Magura hydraulic rim brakes are indeed badass. But they are also a pain in the ass because they are hydraulic, and because they have fiddly mechanisms to release them for wheel removal. And they are very expensive compared to regular cable brakes, and they are not field serviceable. I own some, but I don't have them installed on anything because they are not worth their shortcomings to me.

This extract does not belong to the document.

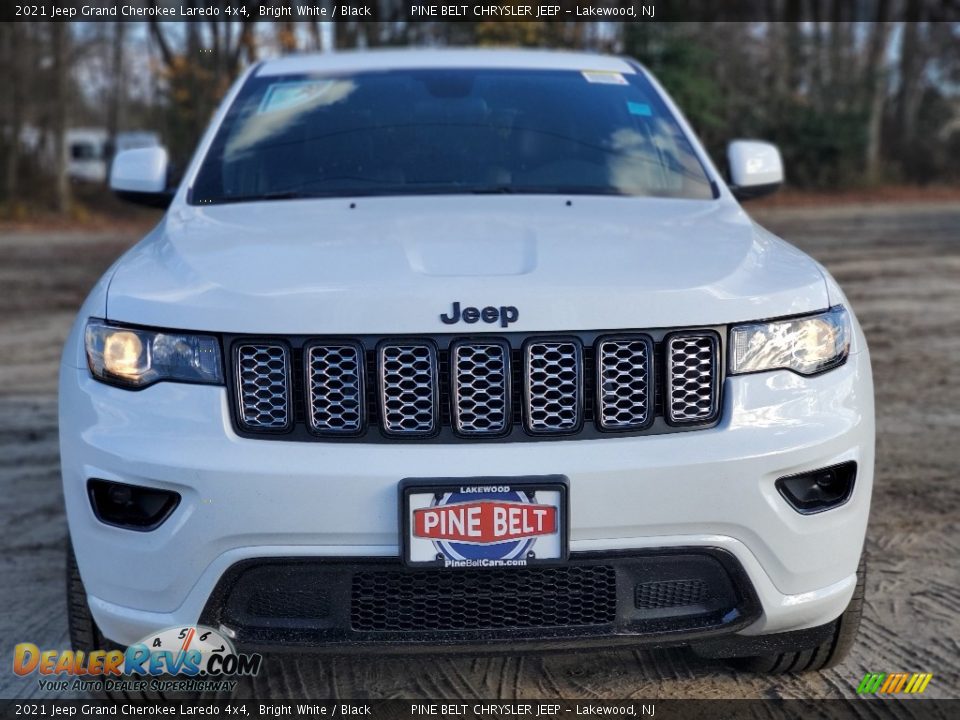 2021 Jeep Grand Cherokee Laredo 4x4 Bright White / Black Photo #3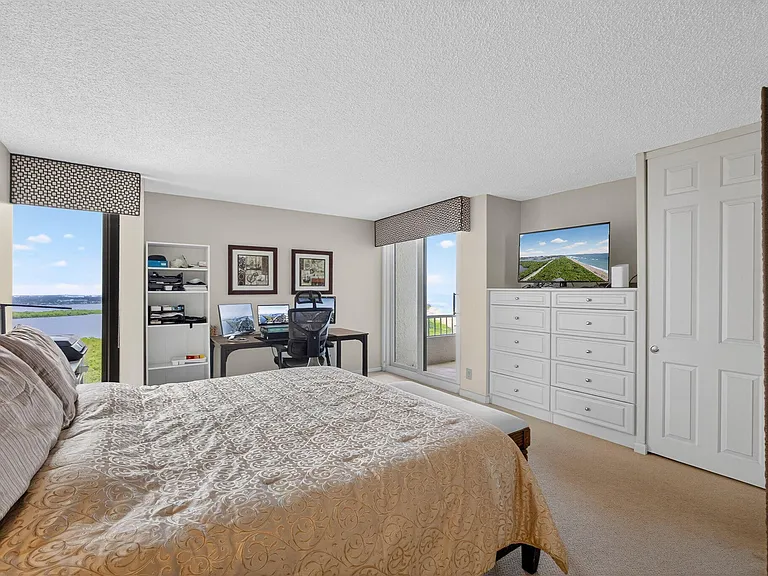 5550 N Ocean Dr #20C — Photo 25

There are two things you can do, besides painstaking adjustment, to make your existing brakes deliver their best:
1) Kool Stop Salmon compound pads. They are the best available by pretty much any measure. Dry friction, wet friction, longevity, minimal rim wear, and resistance to hardening are all unsurpassed.
2) Add a
brake booster. This helps keep the brake mounting bosses from flexing and moving out of alignment when the brake is applied. It really works. To find brake boosters anymore, go to eBay and search for
"cantilever brake booster". Most Magura hydraulic rim brakes have boosters, which is half the reason they do such a good job.
As for what constitutes painstaking adjustment: Make sure the pad is aligned from top to bottom against the rim surface when it makes contact. The heel of the pad should sit away from the rim by about 1.5mm when the toe of the pad makes contact. I adjust the front tip of the pad about 1-2mm from the outer edge of the rim, with the rear end of the pad about 1.5mm lower on the rim (to be pulled into alignment by braking forces). Cut cable housings to such a length as to enter each fitting tangent to the curve. Grind all housing ends flat and square. Use die-drawn ("slick") stainless steel cables. Adjust cable slack to bring pads into full engagement about 1/3 of the way through the lever's stroke.